As described in the Evaluation page, we provide two sets of scores for each submission.

Coarse F1 Scores where each score pertains to the combined test set of the language, without distinguishing individual treebanks and the enhancement types they annotate. The last line shows the macro-average over languages.

Qualitative F1 Scores where in this case the system output for each language are split into parts corresponding to individual source treebanks. The scores then ignore errors in enhancement types for which the treebank lacks gold-standard annotation. The column LAvgELAS shows the qualitative ELAS averaged over treebanks of the same language; the final average in bold is averaged over languages rather than treebanks. For comparison, the last column then shows the coarse ELAS F1 for the given language.

OFFICIAL RESULTS

Full system submitted system results are available in the list below (ordered here according to Coarse ELAS F1 scores. See the overview tables for details).

1.TURKUNLP

2.ORANGE DESKIN

3.EMORYNLP

4.FASTPARSE

5.UNIPI

6.SHANGAITECH ALIBABA

7.CLASP

8.ADAP

9.KOEBSALA

10.ROBERTNLP

OVERVIEW TABLES

As well as the official shared tasks scores, we also provide post-shared task submission deadline results with some additionnal, bug fixed, submissions from the participants. If you want your post-shared task resuls to be included, submit your system output and contact us.

BASELINES

For comparison, here are some results generated by the organizers:

  • baseline1: gold standard basic trees copied as enhanced graphs. This should give some idea of how much of the enhanced representation is actually contained in the basic representation. But since gold standard is involved, it is in a sense an upper bound.

  • baseline2: similar strategy (basic copied to enhanced) but a realistic scenario: instead of gold standard annotation, the basic tree is produced by UDPipe 1.2, biggest model for the language trained on UD 2.5 (the officially provided models), no pretrained embeddings used.
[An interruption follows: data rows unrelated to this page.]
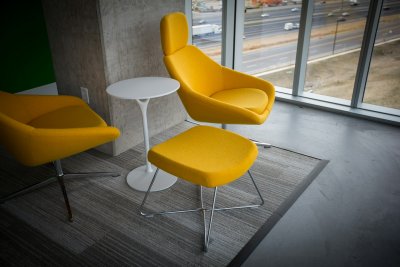 Hoe je een rustieke stijl creëert met moderne elementen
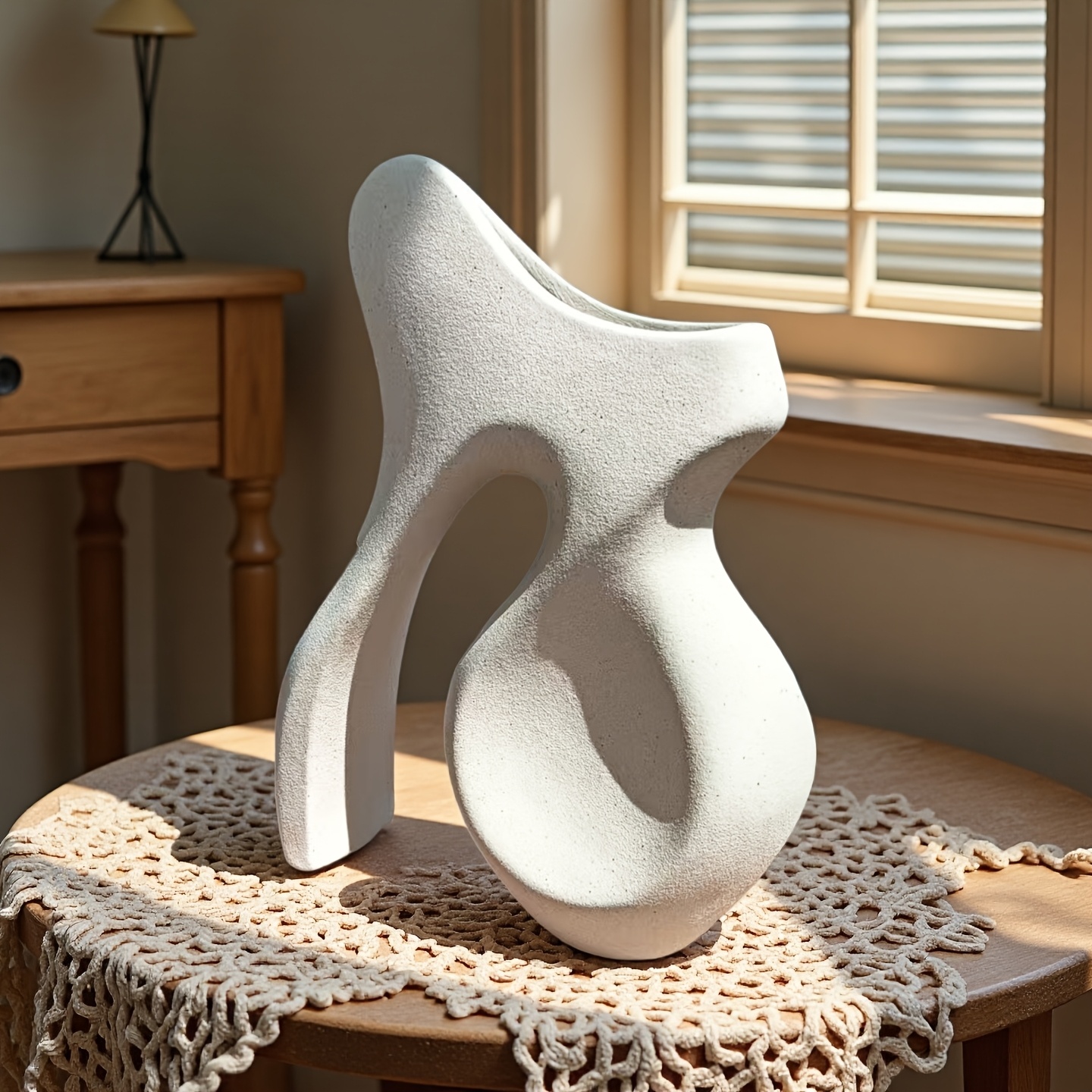 A Newly Launched Ceramic Vase Featuring Geometric Elements, Entirely Handcrafted, with a Matte End. This Modern-Style Decorative Vase Is Suitable for Home Decor, Office Settings, Wedding Parties, And More. It Serves As a Stylish Vase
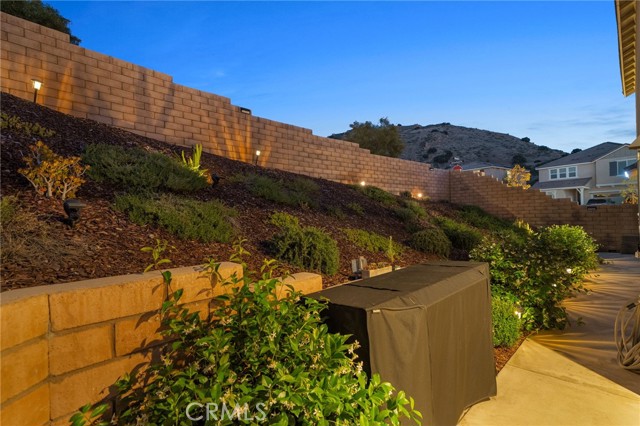Detail Gallery Image 8 of 75 For 11932 Stonefield Dr, Corona,  CA 92883 - 4 Beds | 2/1 Baths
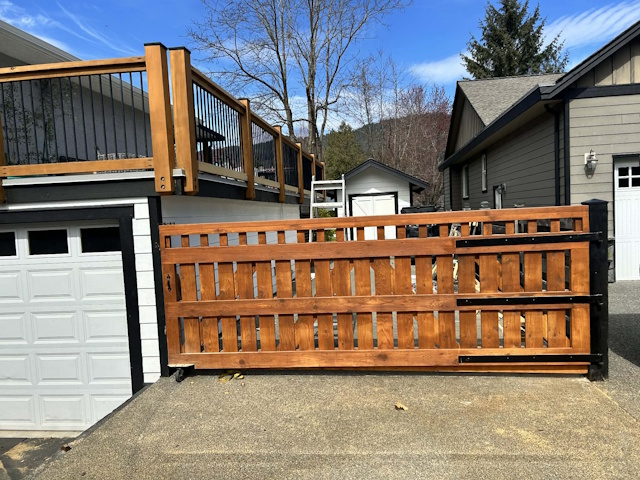 A fencing installation done by West Coast Fencing, displayed as a work sample.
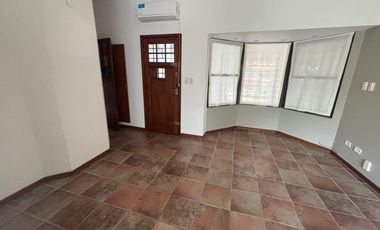 Chalet en zona residencial - La Lucila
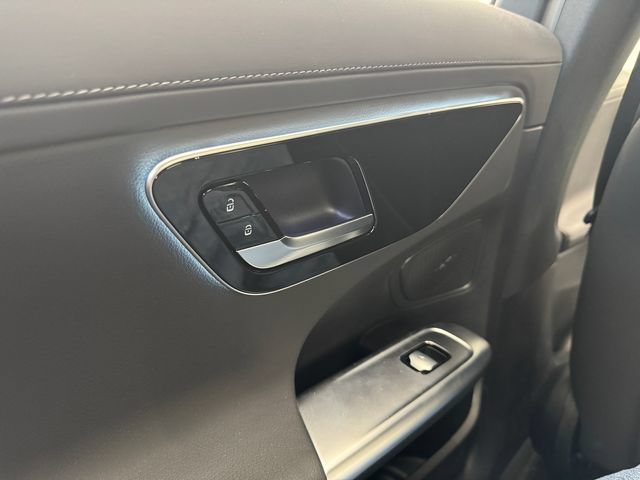 Used 2025 Mercedes-Benz C 300 Sedan image 37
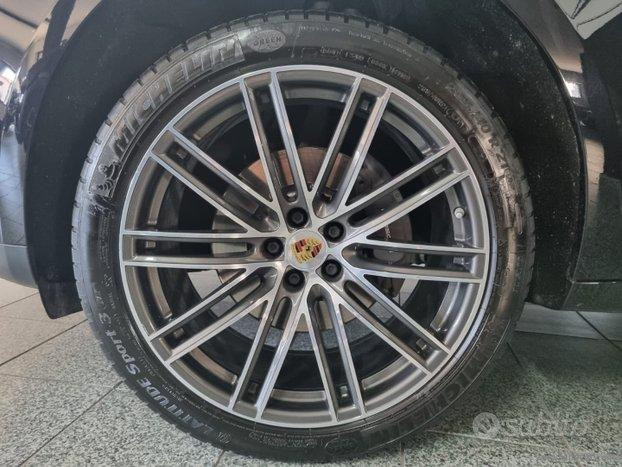 PORSCHE Macan 2.0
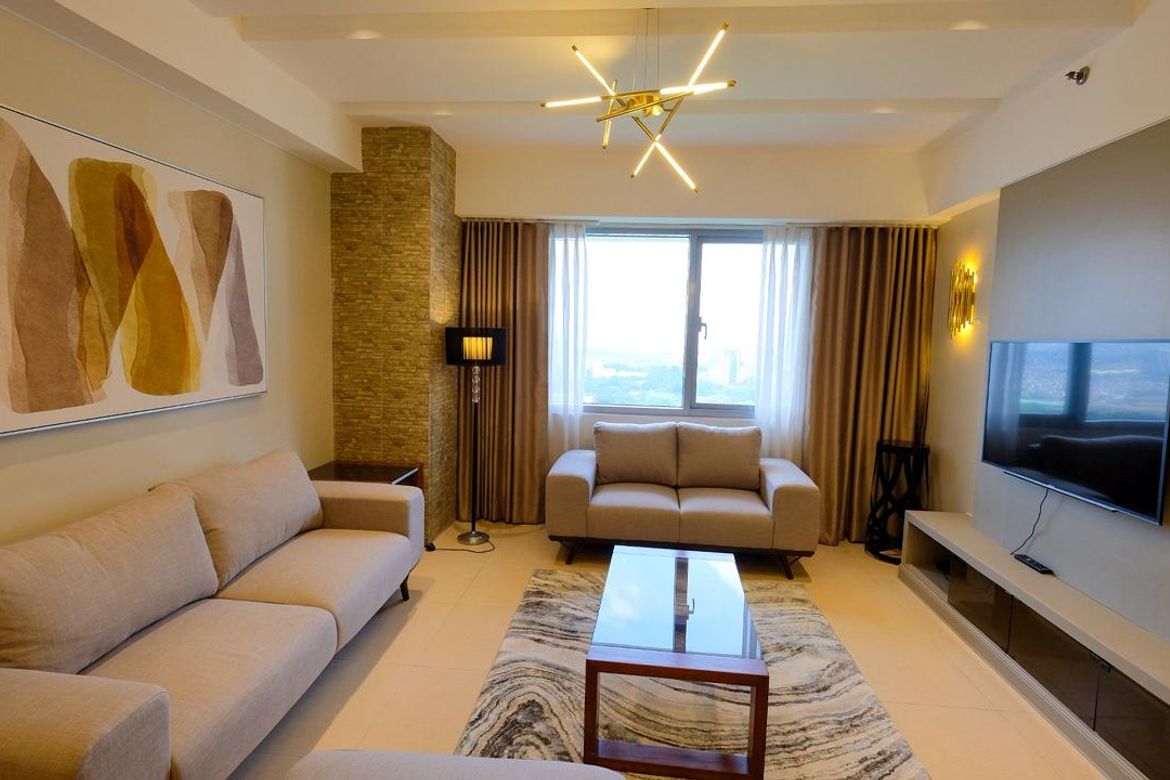 2BR Fully Furnished Unit at The Infinity, BGC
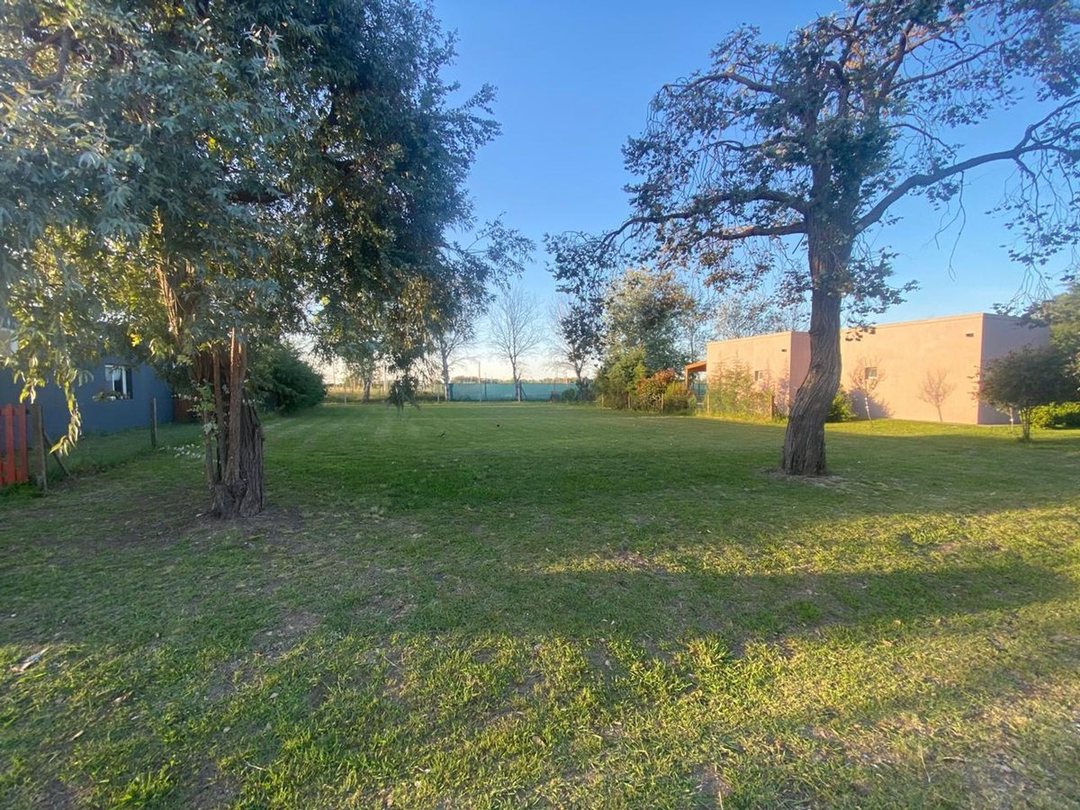 VENTA LOTE 700M2 EN CARDALES VILLAGE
Obviously this is not the state-of-the-art of UD parsing, so one could obtain a better baseline by using a better basic parser, still without doing anything EUD-specific.

  • baseline3: again UDPipe, but this time followed by the Stanford Enhancer (which uses language-specific lists of relative pronouns, and pretrained word embeddings, we used the ones that were released for the CoNLL 2017 shared task, maximum 2M most frequent words; except for Tamil, where these embeddings are not available). Our version of the enhancer crashes on some datasets, hence 2 languages are missing in the evaluation (Finnish, Latvian).